=== Task ===
Output all entries verbatim, dropping pictures.

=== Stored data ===
"""
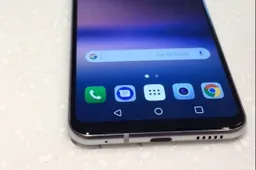 LG V30 Live Image leaks, before official unveiling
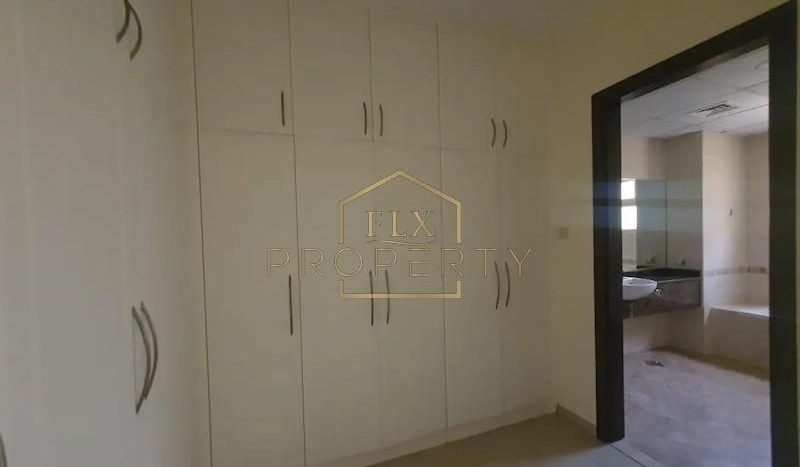 Villa in Jumeirah, Dubai, UAE 3 bedrooms, 328.7m2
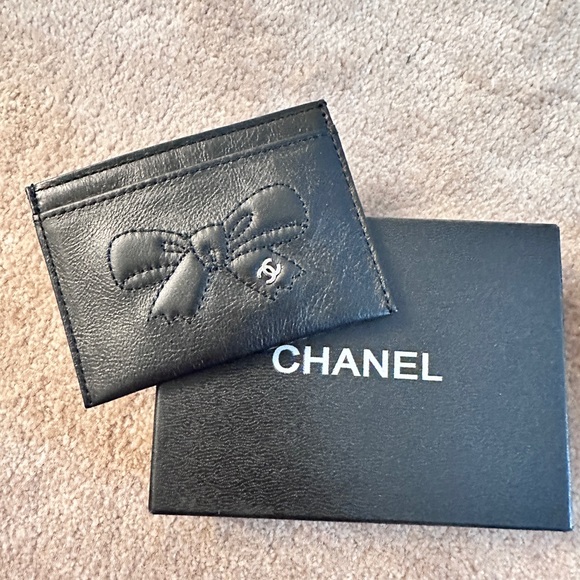 Chanel Black Leather Cardholder - Picture 1 of 6
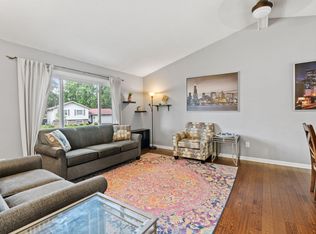 6871 Chaparral Ln, Chanhassen, MN 55317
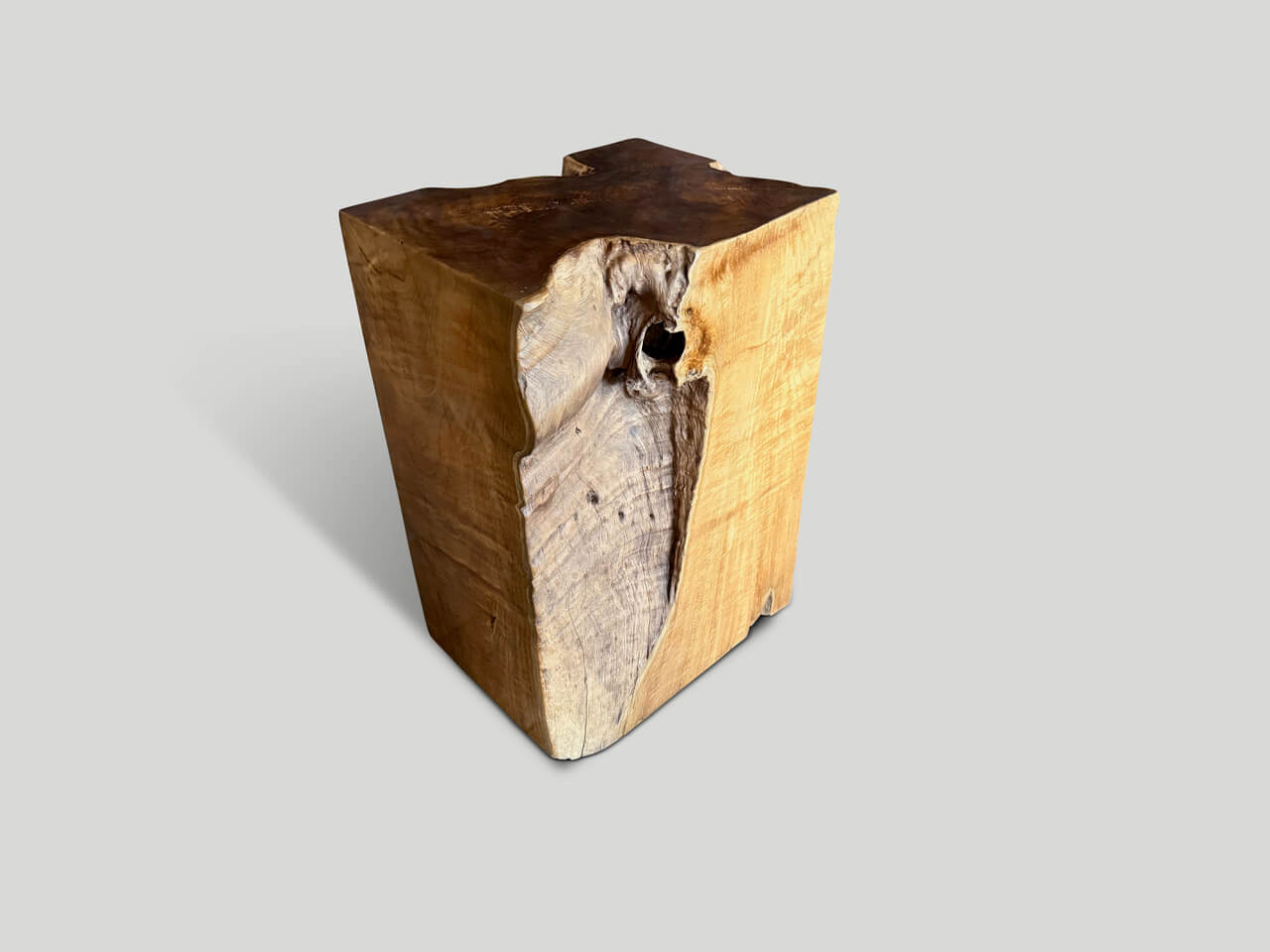 SCULPTURAL TEAK SIDE TABLE OR PEDESTAL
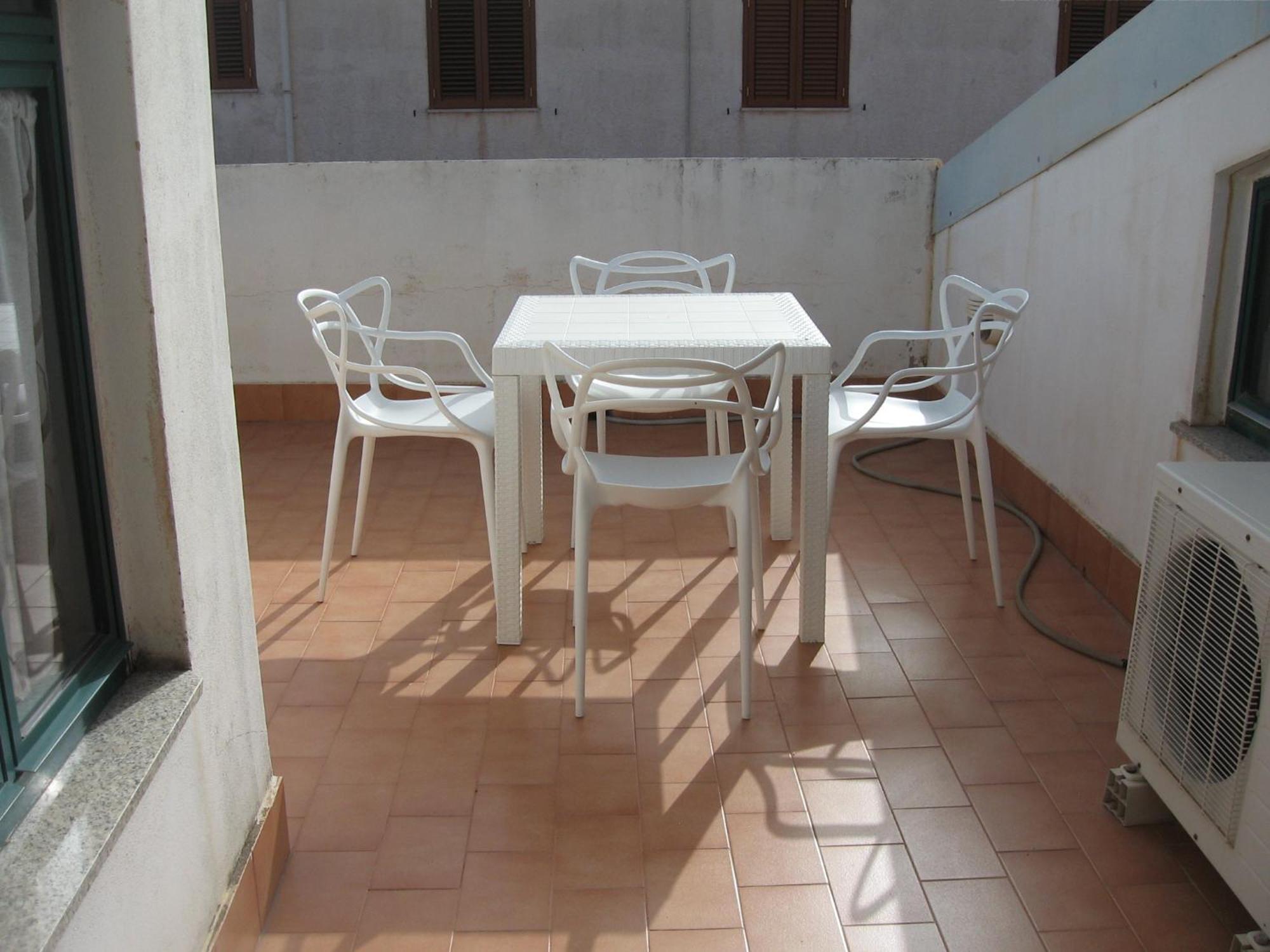 Nino'S Apartments Giardini Naxos Eksteriør billede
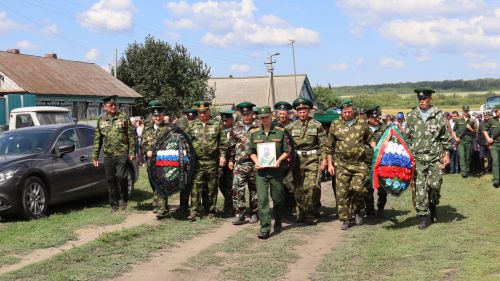 В Дрожжановском районе простились с военнослужащим, который погиб в СВО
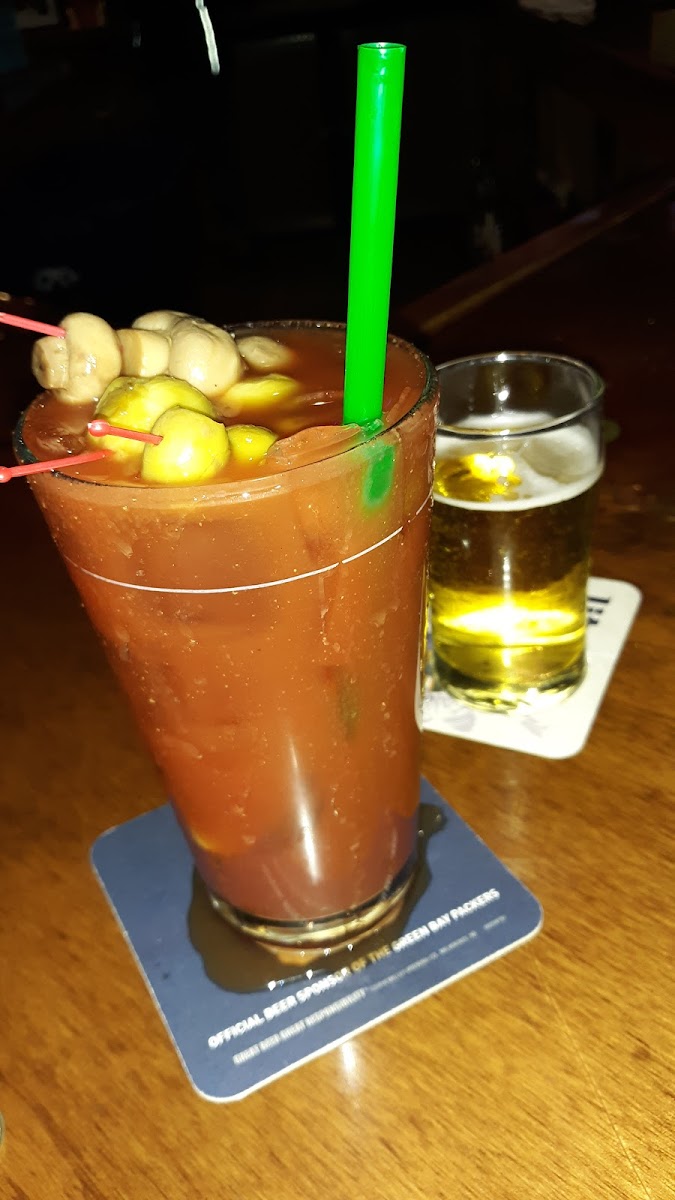Gentleman Jack's Pub and Grill - Photo 7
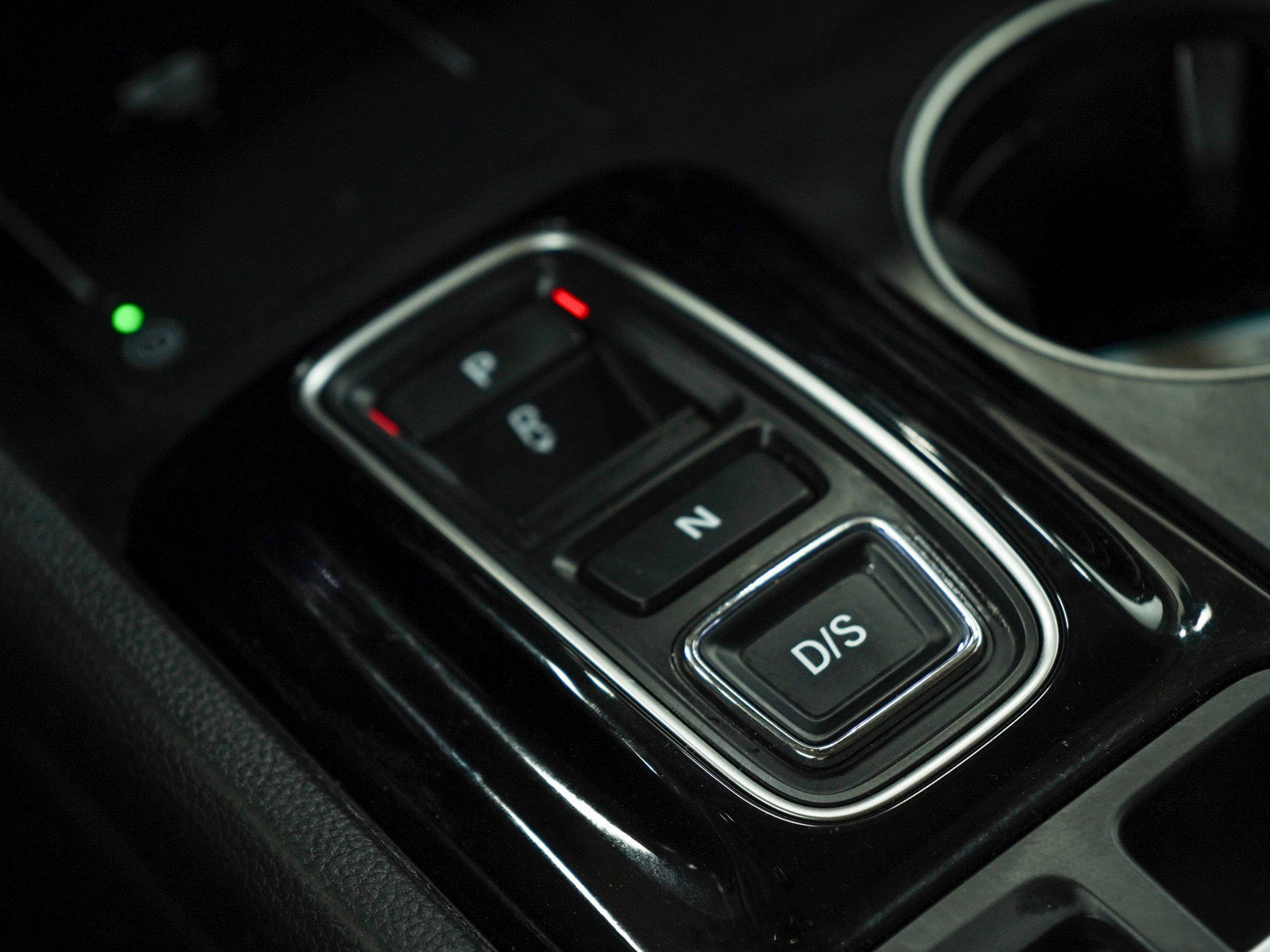 Used 2025 Honda Pilot EX-L image 18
"""
=== Expected answer ===
 LG V30 Live Image leaks, before official unveiling
 Villa in Jumeirah, Dubai, UAE 3 bedrooms, 328.7m2
 Chanel Black Leather Cardholder - Picture 1 of 6
 6871 Chaparral Ln, Chanhassen, MN 55317
 SCULPTURAL TEAK SIDE TABLE OR PEDESTAL
 Nino'S Apartments Giardini Naxos Eksteriør billede
 В Дрожжановском районе простились с военнослужащим, который погиб в СВО
Gentleman Jack's Pub and Grill - Photo 7
 Used 2025 Honda Pilot EX-L image 18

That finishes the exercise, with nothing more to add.